** Dataset records follows **
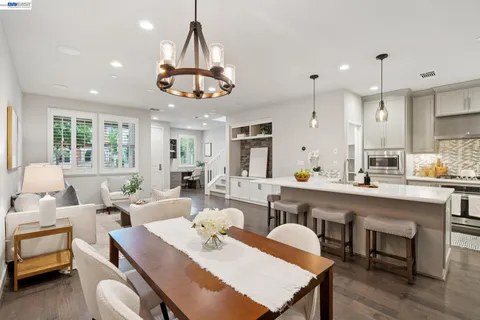 a large kitchen with a table and chairs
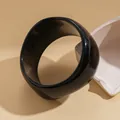 Close-up of a wide glossy black circular bangle on a minimalist beige background - Minimalist Round Style (38# Bangle)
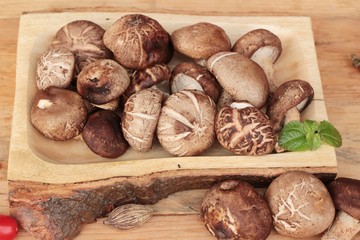 Fototapeta premium Shiitake mushrooms for cooking on wood background.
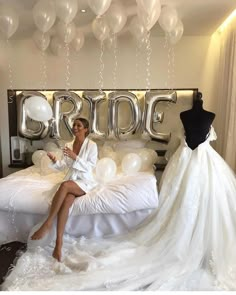 a woman sitting on top of a bed next to a wedding dress and balloon arch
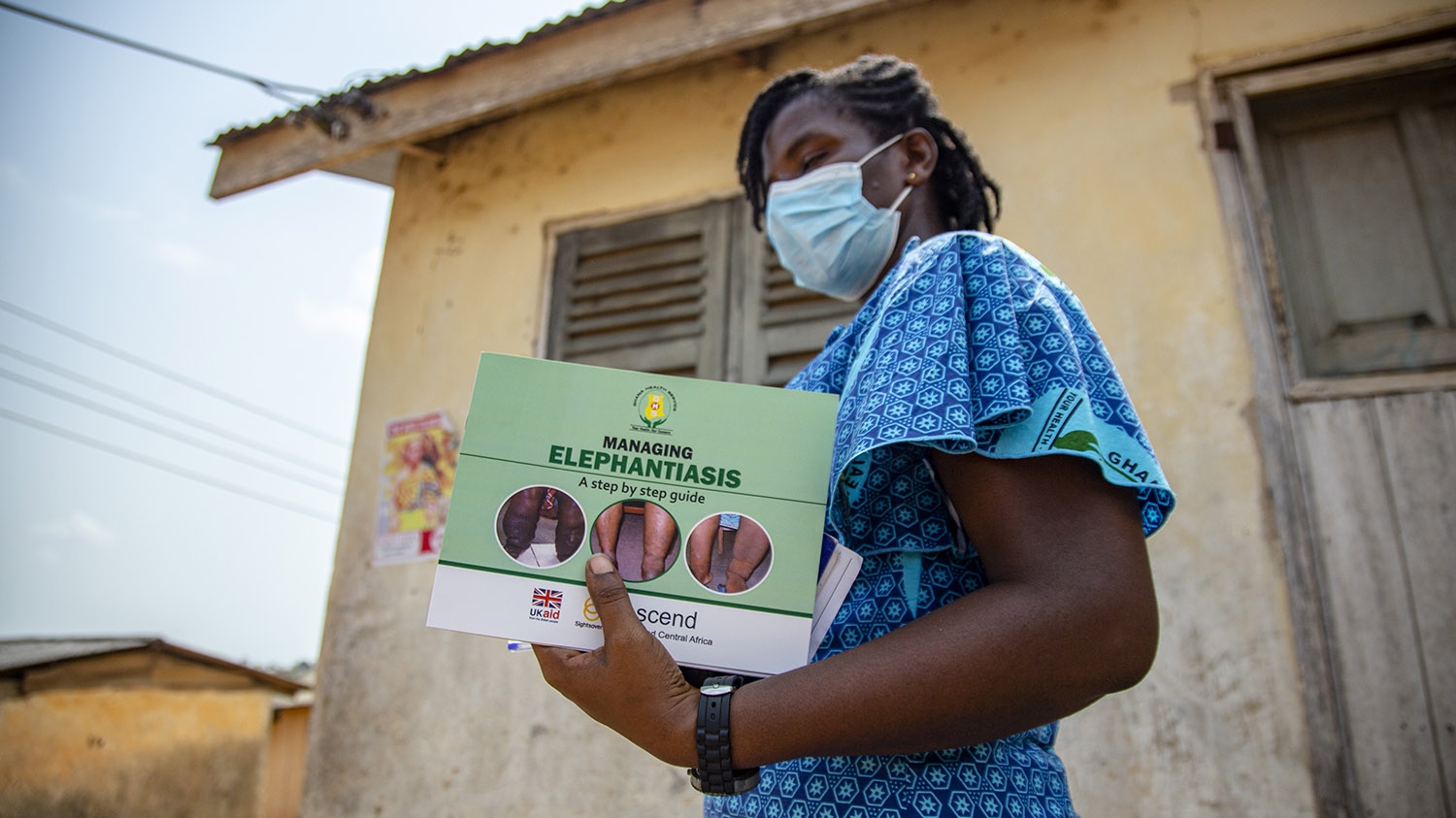 Patient, a health worker, carries leaflets on elephantiasis.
** End of Dataset records **
Task to complete » Output each of the lines above exactly, apart from the images.

Exercise result »
 a large kitchen with a table and chairs
 Close-up of a wide glossy black circular bangle on a minimalist beige background - Minimalist Round Style (38# Bangle)
 Fototapeta premium Shiitake mushrooms for cooking on wood background.
 a woman sitting on top of a bed next to a wedding dress and balloon arch
 Patient, a health worker, carries leaflets on elephantiasis.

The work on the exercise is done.